I wish I would have read it before. But thank you for listening, Gary, and I hope to hear from you. Well, I think this caller has taken a big step, and that is he's going for counseling. Because apparently the depression is not something that just happened this one time. It's probably been other times in which he's gone through depression. So to move out to get counseling for that is the first and most important step, I think.

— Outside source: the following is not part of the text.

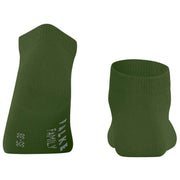 falke-family-sneaker-socks---cypress-green-35838379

And he's already taking that. Because we need to find out what's behind the depression. Is it physically based, or is it situationally based, and what kind of depression is it? And apparently he's never ever dealt with trying to really understand that and then learning how to walk through depression. So I think the caller is moving in the right direction, and I would just encourage him with that. Whether she will be open to considering continuing the relationship remains to be seen. You know, dating is a time in which we are getting to know each other, learning out things about each other. And many times in a dating relationship, couples get to the place where one of them has learned enough about the other person that they just say to themselves, no, I don't want to marry someone who has this problem. And that's why I think dating is a positive thing, because it does give us an opportunity to get to know each other, and not simply go with those euphoric feelings that we have many times in the early stages of a dating relationship. So she has to decide what she will do about that.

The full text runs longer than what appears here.